Prospek Masa Depan: Pertumbuhan Organik dan Koeksistensi Beragam
Aset Kripto di bidang e-commerce tidak akan menjadi revolusi yang "seketika", tetapi lebih mungkin merupakan proses "pertumbuhan organik". Dengan meningkatnya basis pengguna yang memiliki aset kripto ) menurut laporan 2023 dari suatu platform data, jumlah pemegang aset kripto di seluruh dunia telah melebihi 420 juta (, dorongan bagi pedagang untuk bergabung akan secara alami meningkat; pada saat yang sama, kematangan teknologi stablecoin ) baik dalam solusi terpusat maupun terdesentralisasi (, akan secara bertahap menyelesaikan masalah volatilitas.
Akhirnya, Aset Kripto dan sistem pembayaran tradisional mungkin membentuk pola "koeksistensi yang beragam": stablecoin digunakan untuk pembayaran kecil sehari-hari, Bitcoin dan Aset Kripto utama lainnya sebagai alat transaksi besar lintas negara, sementara metode pembayaran tradisional akan terus melayani pengguna yang menghindari risiko.
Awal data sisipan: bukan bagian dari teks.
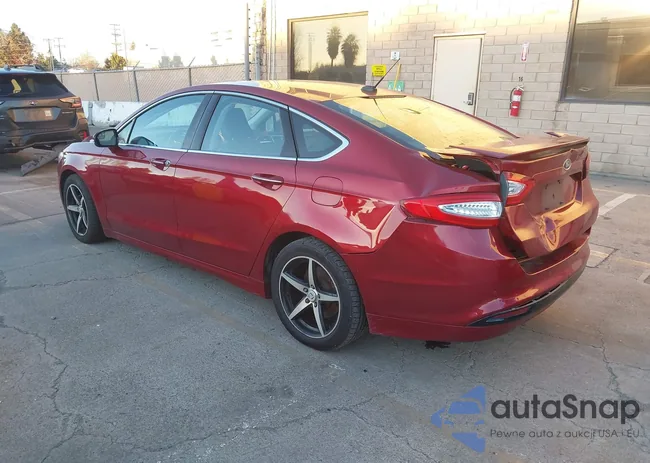 3FA6P0RU8FR306275: 44106970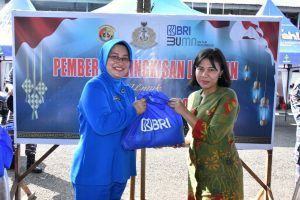 Sambut Hari Raya Idul Fitri 1 Syawal 1444 H, Lanal Sibolga Laksanakan Bazar Sembako Murah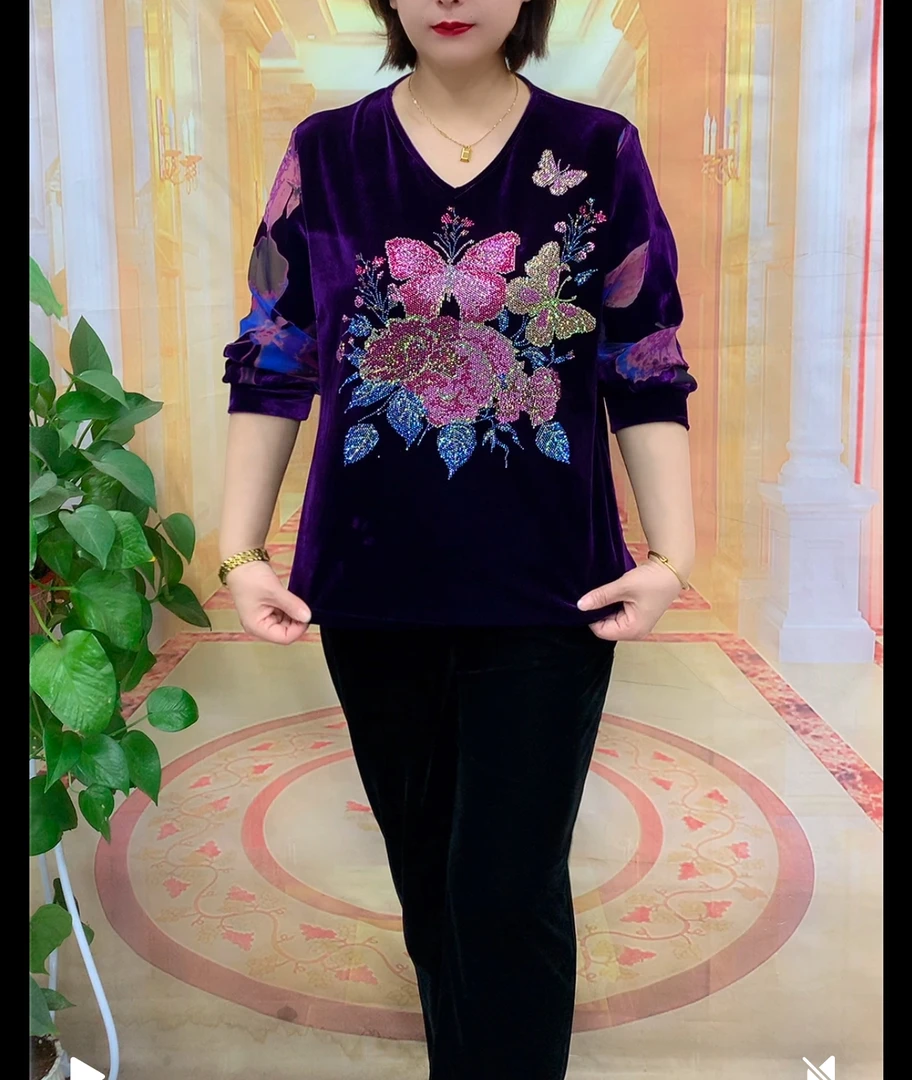 秋冬时尚中老年妈妈装丝绒镶钻显瘦上衣打底小衫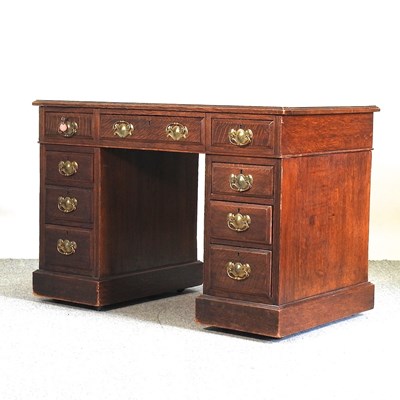 Lot 718 - An early 20th century pedestal desk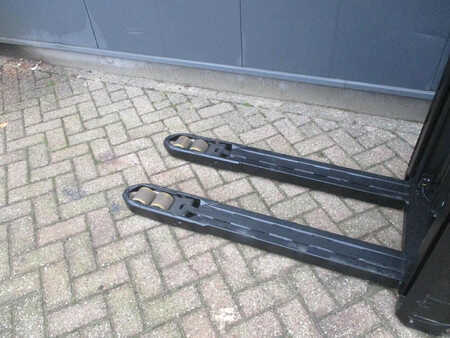 Pallet Stackers 2018  Toyota SPE200L (8)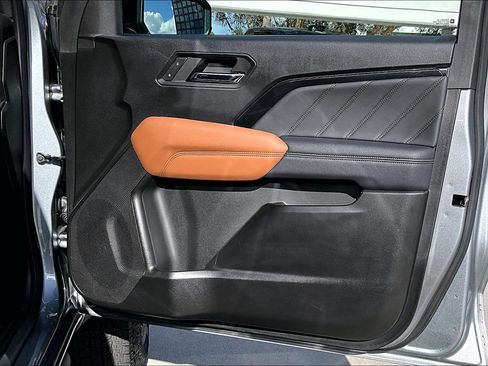 Used 2024 GMC Canyon AT4 w/ Canyon Safety Plus Package image 28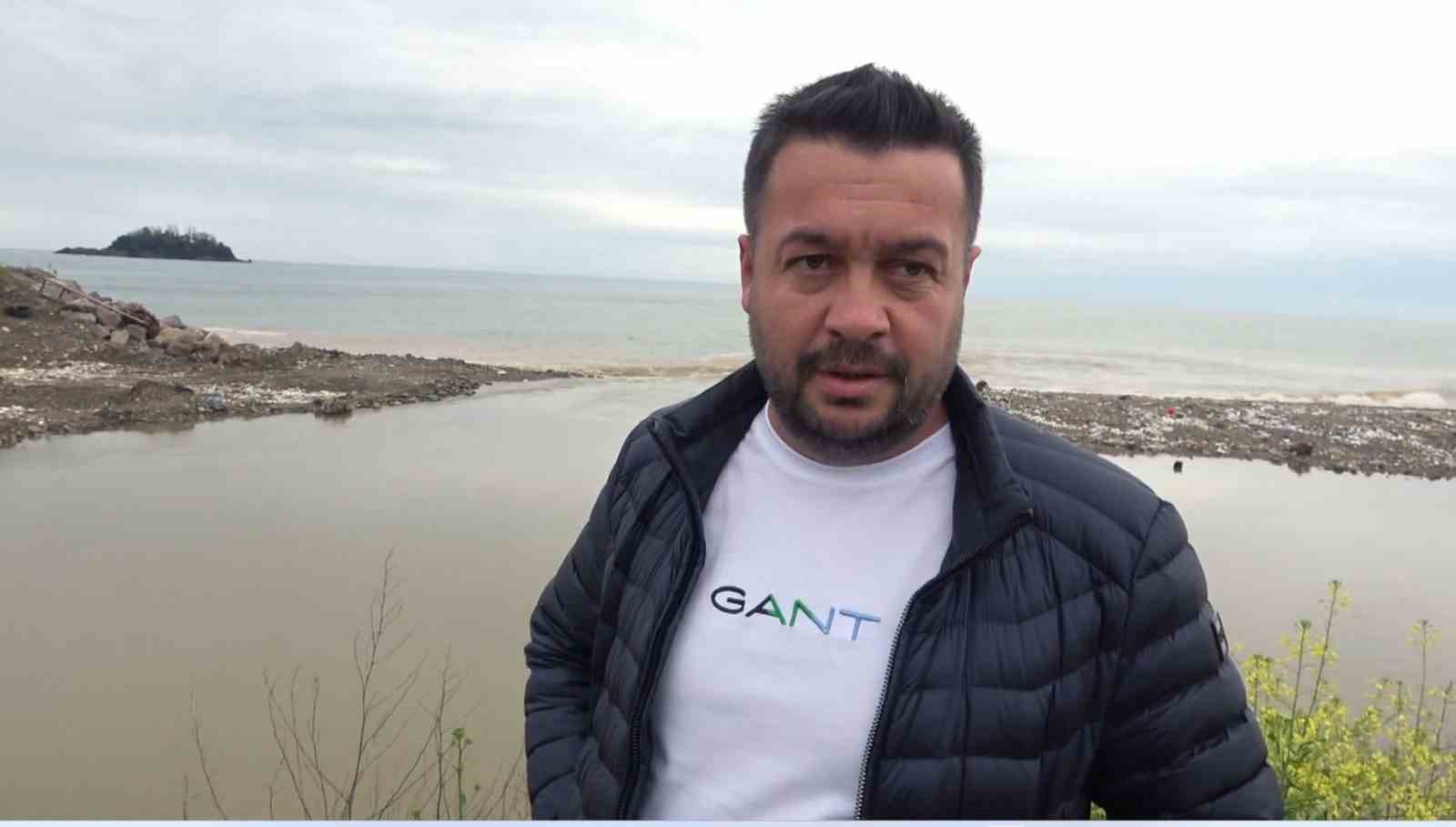 AKSU SU ÜRÜNLERİ KOOPERATİFİ BAŞKANI BÜLENT YILDIZ, BARINAĞIN GİRİŞİNİN KAPALI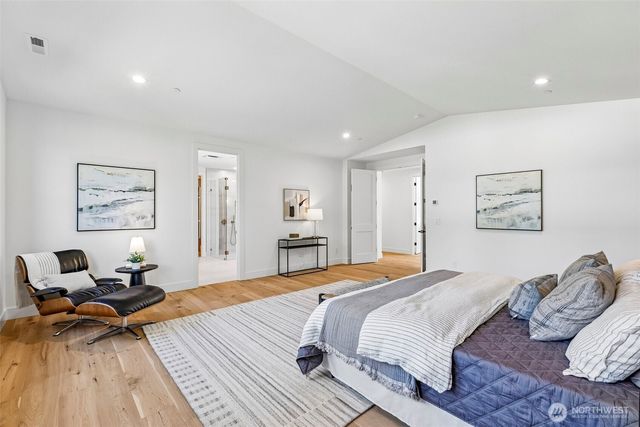 11419 109th Avenue NE, Kirkland, WA 98033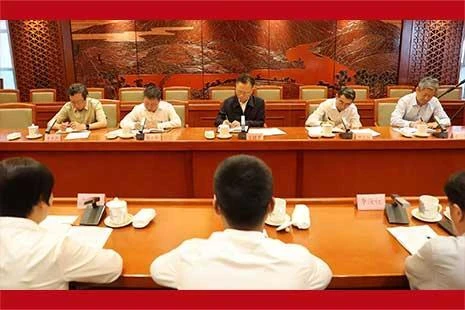 省人大常委会召开列席代表座谈会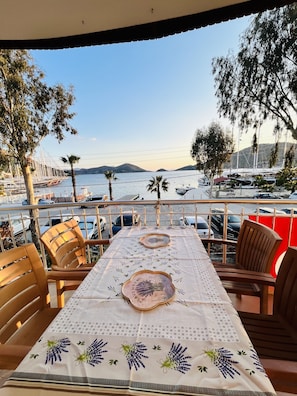 Family Quadruple Room | Desk, free WiFi, bed sheets - Kaju Rooms (Marmaris)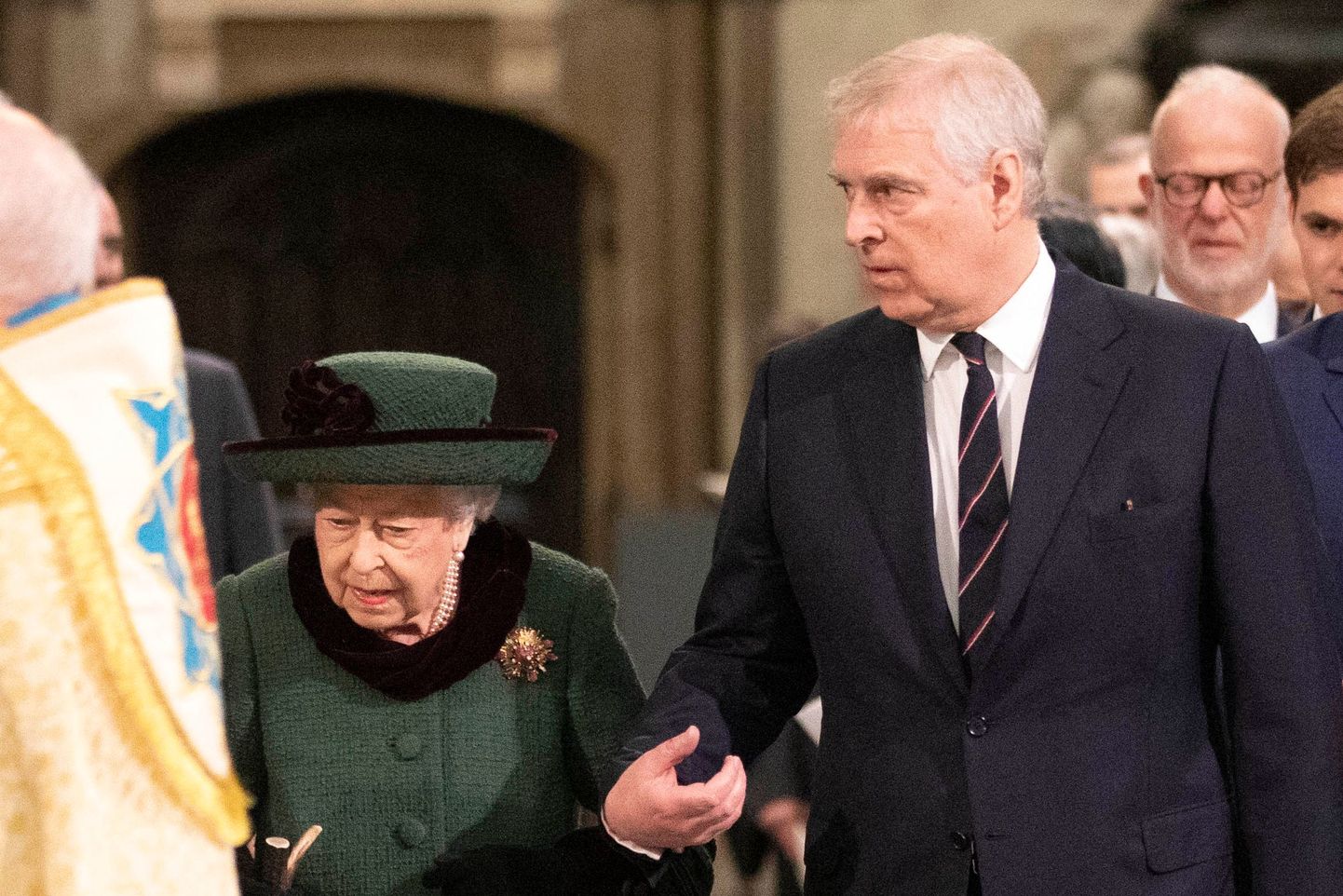 Prints Andrew saatis oma ema kuninganna Elizabeth II-st 29. märtsil 2022 Londonis Westminster Abbey katedraalis toimunud mälestusteenitusel kohale. Mälestati kuninganna abikaasat prints Philipit, kes suri 17. aprillil 2021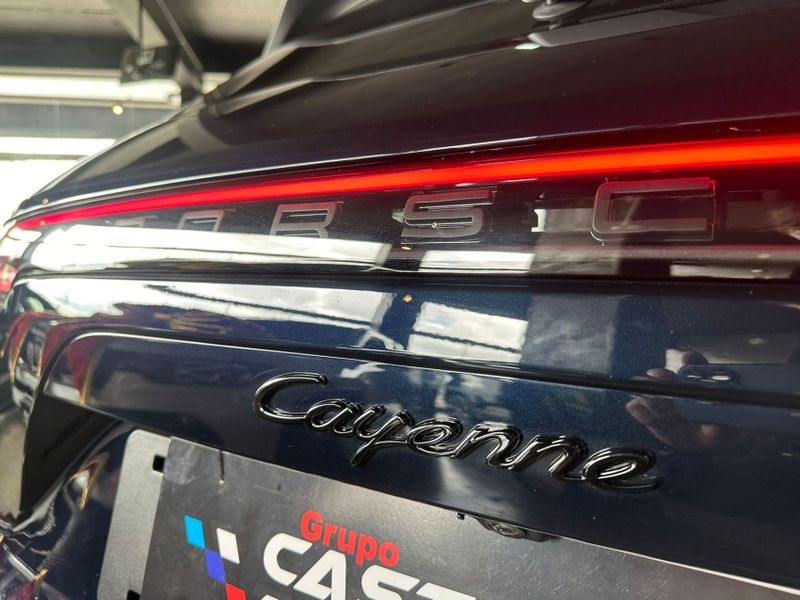 Porsche Cayenne PLATINUM EDITION V6 E-HYBRID 2022/2023 CASTELLAN E TOMAZONI MOTORS CAXIAS DO SUL / Carros no Vale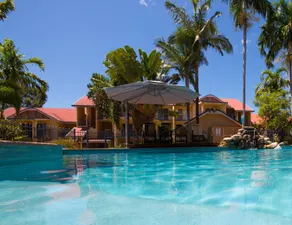 Beach Court - Airlie Beach - Image 3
Seperti "mi ramen dan tembakau yang hidup berdampingan" di penjara—yang pertama sebagai media transaksi utama, yang terakhir sebagai "penyimpanan nilai"—ekosistem pembayaran di masa depan juga akan terfragmentasi karena kebutuhan skenario yang berbeda.
Teknologi tidak pernah menunggu para yang ragu. Sejarah internet mengajarkan kita, ketika infrastruktur beresonansi dengan kebiasaan pengguna, kecepatan perubahan akan jauh melampaui yang diperkirakan. Ledakan sebenarnya dari Aset Kripto di bidang e-commerce mungkin hanya membutuhkan satu "aplikasi pembunuh" — dan kematangan stablecoin mungkin menjadi titik balik yang krusial.